According to Kahneman
(2011) humans have 2 processes of thinking, one which is fast, emotional and
automatic requires very little use of memory, and the other which is more slow,
analytical and systematic which uses long term memory. The fast and automatic
type thinking, or schema is a collection of ideas thoughts and processes to
deal with everyday life situations in other words algorithmic process or short
cuts. Individuals who are depressed will unconsciously adapt these schemas to
fit in with their idea of current situations or mood for example a person who
is depressed will have negative self-schema of themselves his view of himself
will spill over in his view of the world and in turn will have a major effect
on how he foresees their future; Becks called this the cognitive triad. According
to beck’s these schemas are thought to develop in childhood possibly because
children are at their most susceptible in these early years (Mor & Haran, 2009)

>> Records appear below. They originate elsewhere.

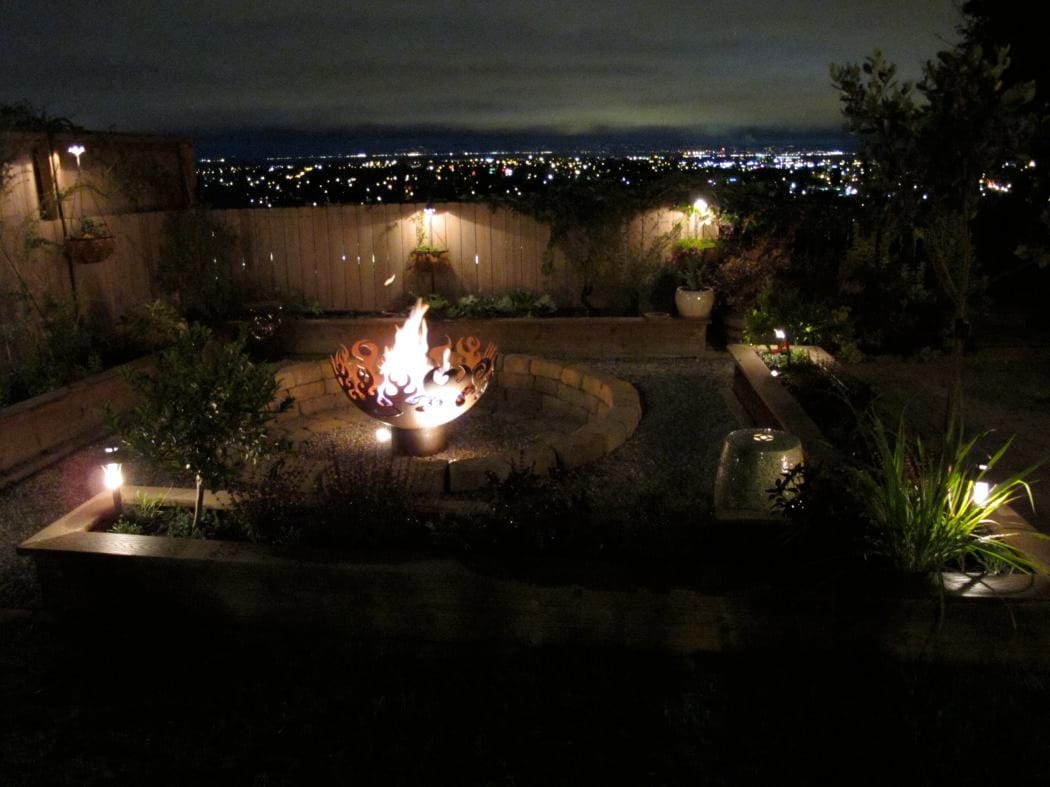 Fire Sculptural Fire Pit with night skyline
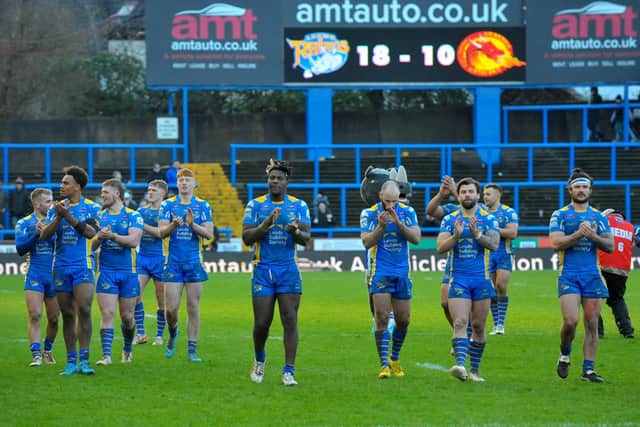 Leeds Rhinos wore their blue heritage kit in the win over Catalans Dragons. Picture by Steve Riding.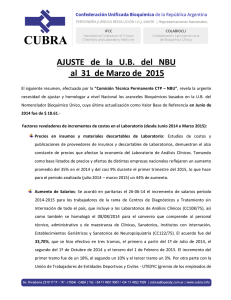 NBU marzo 2015 - Colegio de Bioquímicos de Córdoba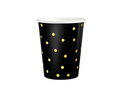 Csészék + szalvéták + papírtányérok fekete arany pöttyökkel - 22 db.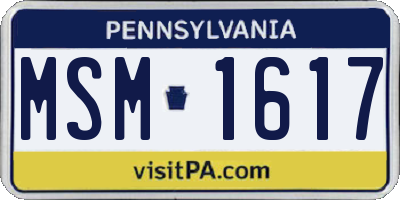 PA license plate MSM1617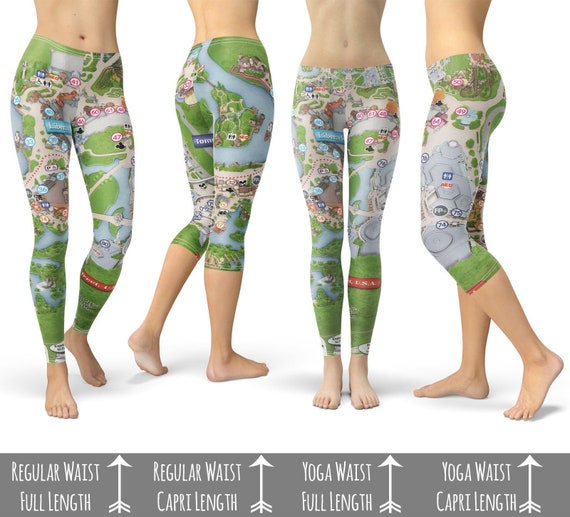 Magic Kingdom Map WDW Park Map Leggings in Capri or Full Length, Sports  Yoga Winter Styles in Sizes XS 5XL 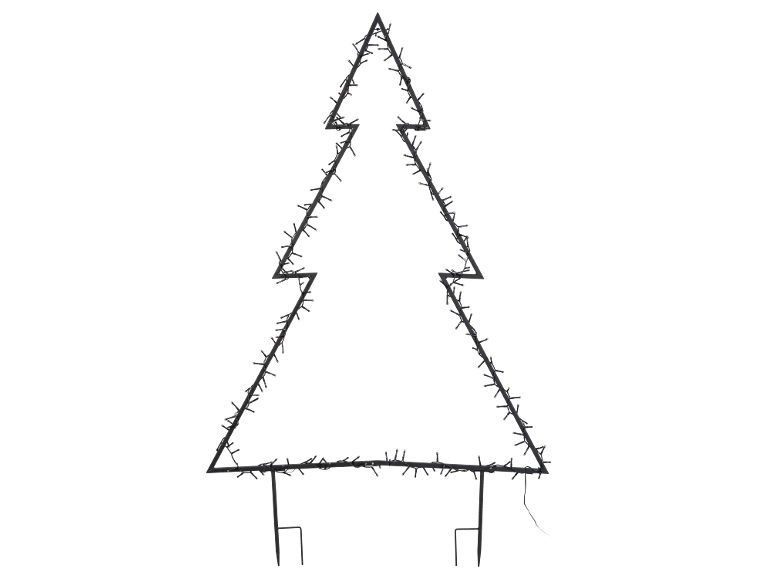 Weihnachtsbaum-Silhouette mit Lichtern, für Außendekoration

The question is how does one
get depressed? where does one draws the line? according to becks and other
researchers it appears that depression starts with a stressor or life event it
then creeps up on individuals through a process of reinforcement i.e. becomes
or its presumed by the individual to be the norm once its accepted as the norm
it becomes automatic therefore, no further analysis is applied, it just is,
because negativity contributes to negative valence of emotions individuals are
in effect in a negative mood/state which leads to
depression (McGinn, 2000; Sudak, 2012).

Three mechanisms of
treatment are usually applied to individuals with a depressive diagnosis. Initial
stage according to Mor & Haran, (2009) and
Sudak, (2012) named behavioural scheduling, is aimed at individuals being
treated to monitor their daily activities and experiences, its not uncommon for
individuals in a depressive state to show disinterest in general activities as
a mechanism to avoid. Thus, the individuals are asked to keep a daily record of
activities to help them identify the link between the behaviours and their mood
which in turn allows them to focus on the events that makes them feel good.
Once these positive reinforcing events are identified then the therapist with
the aid of the recorded logs can set realistic goals in every day life events
with emphasis on behaviour outcome as opposed to emotional ones. With every mile
stone the individual is encouraged to reward themselves (Sudak, 2012). The next
stage the therapist aims to challenge negative thoughts using the Socratic
questions in a humanistic approach, the therapist goal is to restructure the
negative thoughts or schemas by rational thinking and questioning their
internal perspective of events or in effect reconfiguring their thought
patterns or schemas to be more in line with evidence rather than belief. The
last stage and possibly the most important to prevent relapse, individuals are
encouraged to change their beliefs that have an influence in negative thoughts
by testing their perceived ideas with the new and accurate information. Naturally
depression is different for everyone, though they do share commonalities and
different intensities dependant on the situational occurrences and personality
types in a sense depression can be said to be on a spectrum.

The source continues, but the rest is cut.